Bharat Karnad is outspoken and devastatingly critical of Modi’s handling of India’s foreign policy.

“Candidate Modi roared like a tiger, as Prime Minister he has been a purring kitten when dealing with big cats. He is showing himself as a pussycat abroad, traipsing around in the company of big cats, taking care he gives no offence to them.”

In the chapter on Adversarial Geopolitics, Karnad scathingly writes that having been groomed by the RSS which is “disciplined and hierarchically structured”, “Modi is reflexively deferential to the US and China and their heads of government, Trump and Xi, acknowledging them and their countries as India’s and his superiors in the rank ordering of nations and leaders.

“This attitude is reflected in his foreign policy based on giving minimum offence to these two countries, as also in his respectful and placatory behaviour where Trump and Xi are concerned. This fits in nicely with Trump’s and the US’s idea of their exalted place under the sun, and it confirms to the Confucian notion of order ‘under the heaven’”.

‘America’s Satellite’

Karnad writes that Modi’s India has become America’s satellite “because serving senior Indian civil servants and military officers are suborned, in the main, by offers of ‘green cards’, work visas, and ‘scholarships’ for their progeny. It constitutes the new set of inducements to sell the national interest down the drain; secret offshore bank accounts are passe’.”

“The trouble is Modi’s tilt is less strategic than aspirational. His apparently unconditional love and admiration for America and his subaltern thinking have together imposed a low ceiling on India’s ambition. This explains why he has tolerated personal slights, from denial of US visa when he was Gujarat chief minister to, as the New York Times reported on 2 September, President Donald Trump making fun of him by frequently mimicking his accent in internal White House discussions.”

“That Modi is willing to swallow such insults is his business. Preventing the erosion of India’s sovereignty, national interest and security are the Indian people’s concerns.”

Imran Khan’s Offer

Karnad is of the opinion that New Delhi must accept Imran Khan’s offer to fast-track trade relations between India and Pakistan. At present, direct trade is measly because of hostility between the two nations but indirect trade through third countries is 10 times more. Karnad is advocating immediate formalising of the informal trade.

Within days of his book’s launch, Karnad said: “Presently Indian consumer goods of all kinds – marked for export to Dubai on merchant ship manifests – are offloaded with the same ships anchoring outside the immediate Karachi waters.
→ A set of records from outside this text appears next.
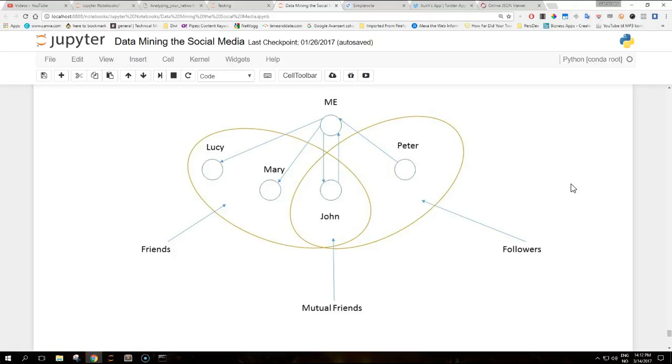We'll describe the picture in first person. In this example I'm connected to four different users. Peter and John follow me so they are labeled as followers, while I follow Lucy, Mary and John so they are labeled as friends. John belongs to both groups.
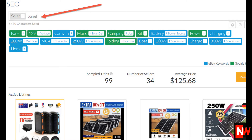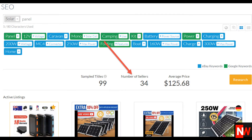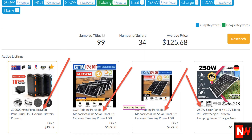You can quickly add these keywords to the ones you've typed in, like solar and panel, by clicking on the plus sign on each suggested keyword. You can also quickly remove them by clicking on the minus sign. Terapeak also shows you how many other sellers are using the keywords you've selected, and it shows you listings on eBay which are using these keywords.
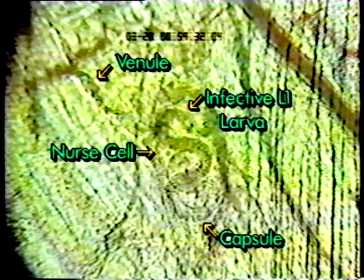Under low magnification, the circulatory reedi, the nurse cell, and the L1 larvae in its intracellular niche are clearly visible. Something of the nature of the vessels that surround the nurse cell can be discerned by observing the flow of formed elements within them.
The annual loss of revenue to the Pakistan exchequer from this informal channel is in billions of dollars. It is money the Tehreek-e-Insaf party government can use to fulfil its election promises in the social welfare sector.”

Karnad wants India to quickly reciprocate Khan’s initiative to boost trade by “adopting a facilitative mindset, initiating enabling measures, clearing lines of credit, approving banking channels and preemptively easing the processes of encouraging commerce” to break the dangerous sub-continental deadlock.